The phase 2 study is a randomised, placebo-controlled, multiple-dose study evaluating the safety and efficacy of ISIS-CRP(Rx) as a single agent in approximately 20 patients with atrial fibrillation who have pacemakers. The study is designed to evaluate the effects of ISIS-CRP(Rx) on the frequency and duration of atrial fibrillation episodes. In addition to studying ISIS-CRP(Rx) in atrial fibrillation, Isis is also currently evaluating ISIS-CRP(Rx) in a phase 2 study in patients with rheumatoid arthritis, where C-reative protein is chronically elevated.

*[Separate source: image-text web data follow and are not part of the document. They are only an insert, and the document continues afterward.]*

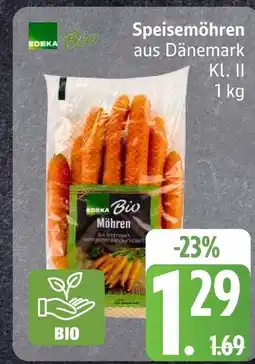 Edeka Edeka bio speisemöhren Angebot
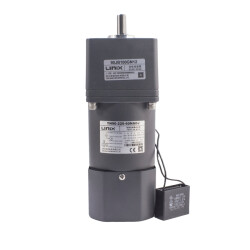 YN90-220-60 220V 13RPM Frenli AC Motor - 90JB100GN - 2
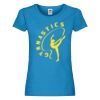 Original-T Lady-Fit T-Shirt | Fruit of the Loom Miniaturansicht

Top-line data from the phase 2 rheumatoid arthritis study is planned for the middle of this year.


“ISIS-CRP(Rx) is the first drug to test the hypothesis that lowering C-reative protein levels could produce therapeutic benefit to patients.
Although we are currently only evaluating ISIS-CRP(Rx) in patients with rheumatoid arthritis and atrial fibrillation, if we are successful in demonstrating a significant benefit to lowering C-reative protein in one or both of these diseases, there is a significant potential for ISIS-CRP(Rx) to have broad application in numerous diseases with large commercial opportunity,” concluded Lynne Parshall, chief operating officer at Isis.